This was a meeting of the top ten on paper only for it was the very definition of perfunctory. Novak Djokovic confronted world No. 8 Kei Nishikori in what should have been a challenging encounter. It wasn't. 
This was a match - decided in three sets 6-3, 6-2, 6-4 - that reinforced the gulf between the top three and the top ten. Being Nishikori was like trying to win an AFL flag from outside the top four. History, talent, class and poise, for now, were against him. Djokovic was stretched more by the ball boy - literally in an arm bender behind his back - than by Nishikori.

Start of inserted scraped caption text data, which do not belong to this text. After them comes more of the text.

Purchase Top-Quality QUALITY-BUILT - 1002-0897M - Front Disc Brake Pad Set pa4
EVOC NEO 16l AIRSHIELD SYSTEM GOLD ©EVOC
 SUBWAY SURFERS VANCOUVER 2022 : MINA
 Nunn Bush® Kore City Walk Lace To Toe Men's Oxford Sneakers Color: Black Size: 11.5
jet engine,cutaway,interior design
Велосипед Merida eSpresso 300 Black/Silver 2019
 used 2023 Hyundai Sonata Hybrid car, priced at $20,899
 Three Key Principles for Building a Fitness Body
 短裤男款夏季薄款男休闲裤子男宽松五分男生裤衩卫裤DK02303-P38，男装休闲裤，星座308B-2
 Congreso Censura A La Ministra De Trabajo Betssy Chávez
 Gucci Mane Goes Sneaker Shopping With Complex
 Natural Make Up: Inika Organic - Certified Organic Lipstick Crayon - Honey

Being the under-dog on Australia Day should, if you were clutching for straws, be a good thing. And Kei Nishikori was absolutely clutching at straws but Australia's nominated celebration day offered him no succour. This was as bad as Nishikori has played in the last year. He appeared hampered by his right knee, which stopped him powering into his shots, but still he did not play the sort of tennis that took him to No. 8, he made it easy for Djokovic. His shot selection was ragged, his execution poor.
It took until the third set for Nishikori to break serve and then hedropped his serve the next game in soft manner. Nishikori was more challenging in the third set but the match winning point illustrated the difference: a rally followed by a backhand cross court so precise, Djokovic could have landed it on a freckle.
After the slogging four and a half hours he took to defeat Gilles Simon in the fourth round, Djokovic played as a fresh man.
"I have not practiced yesterday. I didn't hit a tennis ball," Djokovic said. "Sometimes it's good to rest your mind and body. Less is more sometimes."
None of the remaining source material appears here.